- Collected data
<<<<

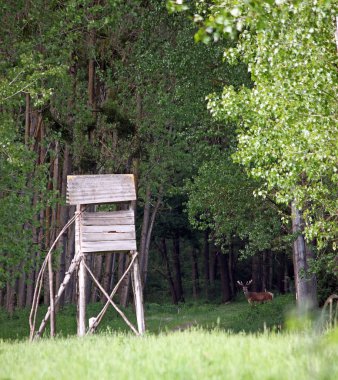 ormandaki geyik ve avcılar Kulesi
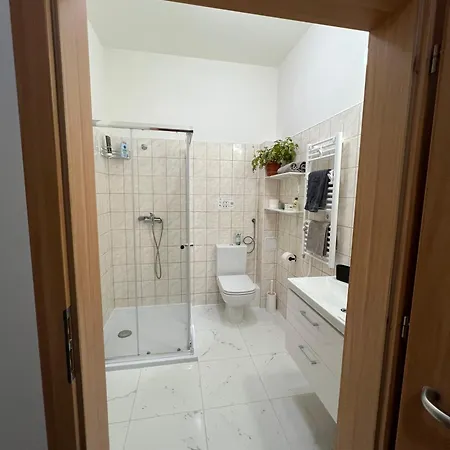 Apartment Nerudova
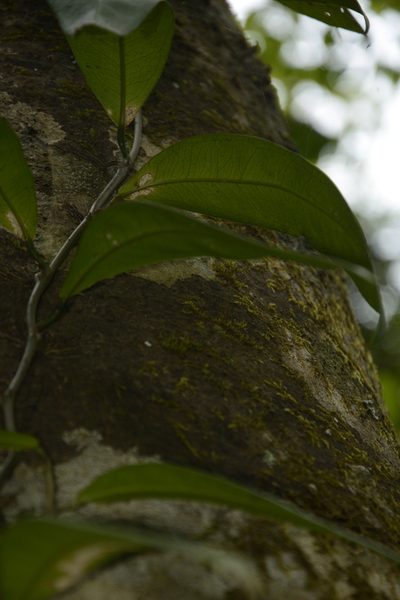 Pothos armatus, photographed by Siddarth Machado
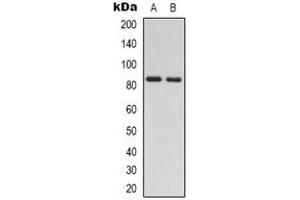Western blot analysis of RAD54A expression in Jurkat (A), HEK293T (B) whole cell lysates.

>>>>

- Work request
All that belongs in the answer is the exact run of lines from the line containing "Pothos armatus, photographed" to the end of the listing above, pictures removed.

- Response below
 Pothos armatus, photographed by Siddarth Machado
Western blot analysis of RAD54A expression in Jurkat (A), HEK293T (B) whole cell lysates.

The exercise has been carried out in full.